Today, Vickie is legally blind, but says her sight is improving daily. She doesn't suffer from brain swelling or convulsions, but has noticed some short-term memory loss.
"The doctors can only do so much," Tommy said. "Prayer is doing the rest and letting her heal on her own."
Vickie's vision problems have made driving impossible and household chores a challenge, but she and Tommy have quite a sense of humor about the whole situation.
"I wash the dishes and then Tommy and my daughter, Morgan, go behind me and wash them again," Vickie admitted with a hearty laugh.
"And I saw her drive before she started losing her sight, so I don't know how big of a loss the driving is," Tommy teased. "She overfills the cat's food dish sometimes, too, and dresses herself funny every now and then, but little things like that are fine. She just keeps trying and Morgan and I just keep coming behind her and fixing things."
A representative from the Institute for the Blind visits Vickie and helps her to adjust to daily tasks, like cooking and applying makeup. However, Vickie said her biggest source of support comes from Tommy, whom she calls another answered prayer.
"I know we are supposed to be together," Vickie said. "I prayed every day for God to bring me a spiritual man, someone to love my daughter and be there for me. And God sent Tommy. He's been a joy and a blessing to me and my little girl."
"I don't know what I'd do without these two girls," Tommy said of Vickie and step-daughter Morgan Kominstsky, 15. "God sent them to me."
Tommy and Vickie, both longtime employees of Wal-Mart, met at work when a co-worker suggested to Tommy that he seek the counsel of Vickie.
"I had just lost my 23-year-old son, Brent," Tommy recalled. "Vickie had also lost a 23-year-old son named Brent. Everyone at work kept saying that I needed to go talk to Vickie. We talked about our loss together and got to know each other. I asked her out to lunch for Mother's Day, and then to a movie, and then I fell in love with her."
Tommy ended his 22-year career with Wal-Mart and began a new career selling insurance so he could have more time to spend at home with Vickie and Morgan.

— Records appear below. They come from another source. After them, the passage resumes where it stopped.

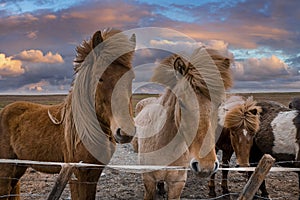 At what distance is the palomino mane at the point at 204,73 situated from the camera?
10.4 ft

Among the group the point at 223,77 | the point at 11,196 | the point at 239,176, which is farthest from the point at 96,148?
the point at 239,176

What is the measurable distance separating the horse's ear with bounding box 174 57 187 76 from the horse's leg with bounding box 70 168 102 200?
1.30m

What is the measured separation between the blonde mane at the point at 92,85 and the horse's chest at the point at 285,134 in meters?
4.27

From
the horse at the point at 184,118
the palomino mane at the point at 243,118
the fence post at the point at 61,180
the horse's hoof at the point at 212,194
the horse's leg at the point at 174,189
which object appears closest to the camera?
the fence post at the point at 61,180

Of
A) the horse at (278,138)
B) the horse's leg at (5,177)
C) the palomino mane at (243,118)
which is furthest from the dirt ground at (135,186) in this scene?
the horse's leg at (5,177)

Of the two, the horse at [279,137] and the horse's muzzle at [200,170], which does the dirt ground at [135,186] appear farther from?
the horse's muzzle at [200,170]

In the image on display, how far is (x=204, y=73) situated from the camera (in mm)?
3238

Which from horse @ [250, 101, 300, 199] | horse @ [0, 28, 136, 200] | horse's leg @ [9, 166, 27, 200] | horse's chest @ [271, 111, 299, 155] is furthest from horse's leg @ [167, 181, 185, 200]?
horse's chest @ [271, 111, 299, 155]

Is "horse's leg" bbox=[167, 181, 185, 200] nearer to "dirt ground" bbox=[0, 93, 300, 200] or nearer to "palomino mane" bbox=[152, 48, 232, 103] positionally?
"palomino mane" bbox=[152, 48, 232, 103]

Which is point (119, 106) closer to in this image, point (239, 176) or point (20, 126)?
point (20, 126)

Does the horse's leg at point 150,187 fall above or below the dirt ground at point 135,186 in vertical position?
above

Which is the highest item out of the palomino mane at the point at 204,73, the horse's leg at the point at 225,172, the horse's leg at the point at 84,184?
the palomino mane at the point at 204,73

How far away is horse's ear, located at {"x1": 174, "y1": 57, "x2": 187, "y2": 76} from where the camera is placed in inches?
130

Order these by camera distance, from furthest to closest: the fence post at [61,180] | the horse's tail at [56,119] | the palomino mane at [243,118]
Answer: the palomino mane at [243,118]
the horse's tail at [56,119]
the fence post at [61,180] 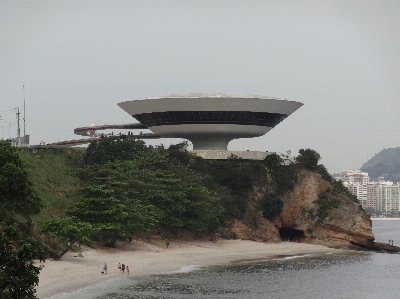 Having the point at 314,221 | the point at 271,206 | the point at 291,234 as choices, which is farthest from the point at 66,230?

"Now, I can drop in at home and have lunch with her or just check on her," Tommy said. "I realize now how precious every moment truly is. And I never leave without saying, 'I love you.' I know now that there are things more important than riches."
"As long as he and I are breathing the same air, I never feel alone," Vickie said. "We depend on each other."
Tommy and Vickie both believe their time together has been made possible by their faith and the faith and continued prayers of others.
Tommy, a member of Cedar Creek Free Will Baptist Church, and Vickie, a member of Fairview Church of God, attend church together weekly, rotating visits between the two churches.
"Both churches are families to us," Tommy said. "Our church families have prayed for us, brought us food, and checked on us since this all began."
"We've had people praying for us that we've never even met," Vickie said. "We've been on prayer lists from here to Georgia."
"And because of all the prayers and our faith, we know we're going to be together for a long time," Tommy said. "It's a Christmas miracle."